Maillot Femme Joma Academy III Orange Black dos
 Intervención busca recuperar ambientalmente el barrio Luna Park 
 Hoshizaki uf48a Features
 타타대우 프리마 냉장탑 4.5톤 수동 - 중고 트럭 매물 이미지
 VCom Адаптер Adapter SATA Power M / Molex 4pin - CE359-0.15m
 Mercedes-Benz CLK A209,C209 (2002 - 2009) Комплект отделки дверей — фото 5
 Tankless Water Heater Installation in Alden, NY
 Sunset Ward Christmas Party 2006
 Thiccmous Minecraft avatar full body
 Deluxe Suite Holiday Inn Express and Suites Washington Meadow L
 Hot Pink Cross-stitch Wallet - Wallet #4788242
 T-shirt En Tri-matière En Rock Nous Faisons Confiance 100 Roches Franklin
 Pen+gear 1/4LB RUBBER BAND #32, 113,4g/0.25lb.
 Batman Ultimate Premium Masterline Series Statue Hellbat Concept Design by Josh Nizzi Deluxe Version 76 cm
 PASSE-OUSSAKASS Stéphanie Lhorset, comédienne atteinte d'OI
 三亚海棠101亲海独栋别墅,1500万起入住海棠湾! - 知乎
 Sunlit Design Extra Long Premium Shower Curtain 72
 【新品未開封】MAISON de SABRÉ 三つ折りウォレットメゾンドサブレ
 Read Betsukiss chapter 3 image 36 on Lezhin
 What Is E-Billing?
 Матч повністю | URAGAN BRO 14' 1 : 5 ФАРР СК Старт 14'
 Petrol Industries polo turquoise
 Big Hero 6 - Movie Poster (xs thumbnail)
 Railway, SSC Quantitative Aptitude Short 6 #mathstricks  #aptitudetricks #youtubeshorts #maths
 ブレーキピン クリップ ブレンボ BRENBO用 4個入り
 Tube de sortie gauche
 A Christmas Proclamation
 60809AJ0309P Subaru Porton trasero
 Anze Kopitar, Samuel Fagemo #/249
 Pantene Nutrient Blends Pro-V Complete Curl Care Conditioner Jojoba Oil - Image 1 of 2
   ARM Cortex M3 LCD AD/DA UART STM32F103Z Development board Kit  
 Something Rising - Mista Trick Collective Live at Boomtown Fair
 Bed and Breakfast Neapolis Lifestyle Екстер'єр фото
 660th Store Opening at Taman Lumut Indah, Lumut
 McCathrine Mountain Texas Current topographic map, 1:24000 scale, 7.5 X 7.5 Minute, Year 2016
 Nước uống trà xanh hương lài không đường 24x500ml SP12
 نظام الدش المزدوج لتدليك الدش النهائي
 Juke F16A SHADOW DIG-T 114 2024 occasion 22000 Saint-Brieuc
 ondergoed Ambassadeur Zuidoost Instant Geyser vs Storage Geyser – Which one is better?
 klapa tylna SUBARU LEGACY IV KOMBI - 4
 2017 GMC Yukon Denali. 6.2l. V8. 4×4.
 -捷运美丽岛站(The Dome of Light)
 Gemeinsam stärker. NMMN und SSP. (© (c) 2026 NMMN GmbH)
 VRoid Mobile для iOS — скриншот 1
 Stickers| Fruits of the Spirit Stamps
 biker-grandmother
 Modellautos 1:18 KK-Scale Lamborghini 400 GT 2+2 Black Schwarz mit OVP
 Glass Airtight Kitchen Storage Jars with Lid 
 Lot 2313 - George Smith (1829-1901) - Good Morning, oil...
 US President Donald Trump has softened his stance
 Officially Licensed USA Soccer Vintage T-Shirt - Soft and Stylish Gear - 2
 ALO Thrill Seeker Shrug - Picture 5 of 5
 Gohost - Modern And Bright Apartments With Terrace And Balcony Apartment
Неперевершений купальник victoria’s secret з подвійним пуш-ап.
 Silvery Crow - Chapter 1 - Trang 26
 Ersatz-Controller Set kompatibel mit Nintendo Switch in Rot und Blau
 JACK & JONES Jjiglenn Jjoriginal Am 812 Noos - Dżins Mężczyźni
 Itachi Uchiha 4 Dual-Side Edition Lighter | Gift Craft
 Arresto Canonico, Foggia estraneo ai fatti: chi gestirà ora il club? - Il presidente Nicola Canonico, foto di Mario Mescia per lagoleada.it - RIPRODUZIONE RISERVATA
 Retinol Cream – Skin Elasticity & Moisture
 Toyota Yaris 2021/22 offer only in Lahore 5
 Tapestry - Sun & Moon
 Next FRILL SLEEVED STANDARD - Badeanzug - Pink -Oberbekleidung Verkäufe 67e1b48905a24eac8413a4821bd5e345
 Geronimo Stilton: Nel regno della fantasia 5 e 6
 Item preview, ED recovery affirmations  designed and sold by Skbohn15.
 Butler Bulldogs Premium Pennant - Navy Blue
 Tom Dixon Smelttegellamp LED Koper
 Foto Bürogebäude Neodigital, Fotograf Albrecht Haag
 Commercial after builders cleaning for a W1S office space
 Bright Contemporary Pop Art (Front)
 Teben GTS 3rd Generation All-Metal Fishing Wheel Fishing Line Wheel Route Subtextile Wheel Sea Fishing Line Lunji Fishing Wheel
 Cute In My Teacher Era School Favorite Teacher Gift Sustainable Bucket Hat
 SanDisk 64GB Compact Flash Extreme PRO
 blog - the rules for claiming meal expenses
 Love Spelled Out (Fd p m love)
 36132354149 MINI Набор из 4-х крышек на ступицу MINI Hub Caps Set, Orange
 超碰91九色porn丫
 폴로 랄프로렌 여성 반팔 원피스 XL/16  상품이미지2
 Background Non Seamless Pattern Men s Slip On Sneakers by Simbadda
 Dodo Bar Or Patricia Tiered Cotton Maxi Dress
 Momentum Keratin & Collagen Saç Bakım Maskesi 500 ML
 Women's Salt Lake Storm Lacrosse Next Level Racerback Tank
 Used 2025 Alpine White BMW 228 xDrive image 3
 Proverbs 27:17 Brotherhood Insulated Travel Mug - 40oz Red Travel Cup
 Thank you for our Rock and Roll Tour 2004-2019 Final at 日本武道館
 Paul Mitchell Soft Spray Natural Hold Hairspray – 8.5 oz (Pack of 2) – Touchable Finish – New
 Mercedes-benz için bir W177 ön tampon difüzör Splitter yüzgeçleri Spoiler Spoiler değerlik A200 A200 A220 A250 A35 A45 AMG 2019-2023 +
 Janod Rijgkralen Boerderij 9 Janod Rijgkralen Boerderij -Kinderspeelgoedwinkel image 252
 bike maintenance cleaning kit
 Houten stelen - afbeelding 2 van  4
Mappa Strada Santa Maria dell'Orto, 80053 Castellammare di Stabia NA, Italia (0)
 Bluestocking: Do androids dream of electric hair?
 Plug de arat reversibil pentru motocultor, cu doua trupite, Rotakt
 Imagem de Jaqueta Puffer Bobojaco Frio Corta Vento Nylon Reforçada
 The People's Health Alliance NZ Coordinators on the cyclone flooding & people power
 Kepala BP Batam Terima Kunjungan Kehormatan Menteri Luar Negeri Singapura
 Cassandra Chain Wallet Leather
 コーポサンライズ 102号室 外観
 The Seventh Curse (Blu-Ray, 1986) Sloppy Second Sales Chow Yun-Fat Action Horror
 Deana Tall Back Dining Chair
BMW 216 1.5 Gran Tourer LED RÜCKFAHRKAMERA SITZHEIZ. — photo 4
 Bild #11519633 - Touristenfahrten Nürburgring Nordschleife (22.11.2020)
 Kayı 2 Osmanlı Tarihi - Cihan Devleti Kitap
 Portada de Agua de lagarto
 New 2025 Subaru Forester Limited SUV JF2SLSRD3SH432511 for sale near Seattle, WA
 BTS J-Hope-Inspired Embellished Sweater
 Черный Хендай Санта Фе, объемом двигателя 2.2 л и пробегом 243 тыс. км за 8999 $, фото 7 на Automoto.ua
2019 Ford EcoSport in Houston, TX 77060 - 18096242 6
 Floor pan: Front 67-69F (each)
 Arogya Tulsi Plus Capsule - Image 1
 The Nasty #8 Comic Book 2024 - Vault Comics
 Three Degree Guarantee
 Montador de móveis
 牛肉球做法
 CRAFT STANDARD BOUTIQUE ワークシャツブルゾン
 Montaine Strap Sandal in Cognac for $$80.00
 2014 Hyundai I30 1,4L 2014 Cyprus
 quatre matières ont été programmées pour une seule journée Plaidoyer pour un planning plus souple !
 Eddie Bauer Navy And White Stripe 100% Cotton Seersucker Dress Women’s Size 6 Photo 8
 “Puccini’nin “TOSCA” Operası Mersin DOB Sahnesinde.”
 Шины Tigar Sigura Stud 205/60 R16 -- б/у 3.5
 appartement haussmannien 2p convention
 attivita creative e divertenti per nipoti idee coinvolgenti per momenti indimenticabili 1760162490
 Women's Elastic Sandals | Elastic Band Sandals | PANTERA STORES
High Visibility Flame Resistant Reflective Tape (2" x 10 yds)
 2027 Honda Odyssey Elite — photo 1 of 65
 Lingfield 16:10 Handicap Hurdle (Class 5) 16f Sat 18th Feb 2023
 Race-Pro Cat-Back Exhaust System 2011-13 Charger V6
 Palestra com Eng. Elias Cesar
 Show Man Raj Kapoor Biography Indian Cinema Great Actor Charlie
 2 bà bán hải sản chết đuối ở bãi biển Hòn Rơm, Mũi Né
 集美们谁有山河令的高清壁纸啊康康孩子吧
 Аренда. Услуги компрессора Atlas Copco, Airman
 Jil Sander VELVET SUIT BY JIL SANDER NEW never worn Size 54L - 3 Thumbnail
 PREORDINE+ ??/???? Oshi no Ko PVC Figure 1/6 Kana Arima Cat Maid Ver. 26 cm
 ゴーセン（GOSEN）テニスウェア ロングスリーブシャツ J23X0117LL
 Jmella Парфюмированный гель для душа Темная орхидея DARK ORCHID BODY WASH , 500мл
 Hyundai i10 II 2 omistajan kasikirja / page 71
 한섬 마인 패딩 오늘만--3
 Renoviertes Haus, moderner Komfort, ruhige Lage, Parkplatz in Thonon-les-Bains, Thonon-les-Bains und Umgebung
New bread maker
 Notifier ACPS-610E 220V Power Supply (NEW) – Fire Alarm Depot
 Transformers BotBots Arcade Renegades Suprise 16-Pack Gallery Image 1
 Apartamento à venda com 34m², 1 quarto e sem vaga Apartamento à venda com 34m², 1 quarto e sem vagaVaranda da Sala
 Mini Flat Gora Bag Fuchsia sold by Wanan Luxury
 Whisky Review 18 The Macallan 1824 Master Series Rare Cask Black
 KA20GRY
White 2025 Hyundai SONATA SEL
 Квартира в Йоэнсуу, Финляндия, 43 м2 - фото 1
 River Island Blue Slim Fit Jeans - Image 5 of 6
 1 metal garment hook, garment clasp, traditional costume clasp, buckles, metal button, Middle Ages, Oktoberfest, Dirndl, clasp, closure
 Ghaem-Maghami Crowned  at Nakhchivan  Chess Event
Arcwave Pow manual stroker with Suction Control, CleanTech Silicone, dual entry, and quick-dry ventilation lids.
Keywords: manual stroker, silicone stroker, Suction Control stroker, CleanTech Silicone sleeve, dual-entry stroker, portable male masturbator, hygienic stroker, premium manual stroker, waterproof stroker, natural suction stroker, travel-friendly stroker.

============================================================

■ ABOUT THIS EXERCISE
Working from the material above, restate word for word the lines between the line with "Jil Sander VELVET" and the line with "Mini Flat Gora", both included, and only those.

■ RESPONSE
 Jil Sander VELVET SUIT BY JIL SANDER NEW never worn Size 54L - 3 Thumbnail
 PREORDINE+ ??/???? Oshi no Ko PVC Figure 1/6 Kana Arima Cat Maid Ver. 26 cm
 ゴーセン（GOSEN）テニスウェア ロングスリーブシャツ J23X0117LL
 Jmella Парфюмированный гель для душа Темная орхидея DARK ORCHID BODY WASH , 500мл
 Hyundai i10 II 2 omistajan kasikirja / page 71
 한섬 마인 패딩 오늘만--3
 Renoviertes Haus, moderner Komfort, ruhige Lage, Parkplatz in Thonon-les-Bains, Thonon-les-Bains und Umgebung
New bread maker
 Notifier ACPS-610E 220V Power Supply (NEW) – Fire Alarm Depot
 Transformers BotBots Arcade Renegades Suprise 16-Pack Gallery Image 1
 Apartamento à venda com 34m², 1 quarto e sem vaga Apartamento à venda com 34m², 1 quarto e sem vagaVaranda da Sala
 Mini Flat Gora Bag Fuchsia sold by Wanan Luxury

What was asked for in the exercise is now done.